## Task inputs
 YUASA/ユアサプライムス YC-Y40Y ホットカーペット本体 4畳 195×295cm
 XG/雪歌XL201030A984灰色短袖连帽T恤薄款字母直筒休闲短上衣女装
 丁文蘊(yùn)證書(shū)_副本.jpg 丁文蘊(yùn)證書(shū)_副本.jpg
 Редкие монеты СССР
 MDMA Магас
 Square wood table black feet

* * *

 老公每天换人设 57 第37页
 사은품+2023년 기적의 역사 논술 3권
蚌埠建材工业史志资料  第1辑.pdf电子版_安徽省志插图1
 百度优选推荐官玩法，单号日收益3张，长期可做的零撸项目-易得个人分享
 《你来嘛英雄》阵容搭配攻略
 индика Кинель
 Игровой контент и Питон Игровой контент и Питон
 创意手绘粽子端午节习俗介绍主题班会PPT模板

## Exercise
Please transcribe exactly the lines above from the line that has "YUASA/ユアサプライムス YC-Y40Y ホットカーペット本体" up to and including the line that has "Square wood table black feet"; no other line belongs in the answer.

## Written solution
 YUASA/ユアサプライムス YC-Y40Y ホットカーペット本体 4畳 195×295cm
 XG/雪歌XL201030A984灰色短袖连帽T恤薄款字母直筒休闲短上衣女装
 丁文蘊(yùn)證書(shū)_副本.jpg 丁文蘊(yùn)證書(shū)_副本.jpg
 Редкие монеты СССР
 MDMA Магас
 Square wood table black feet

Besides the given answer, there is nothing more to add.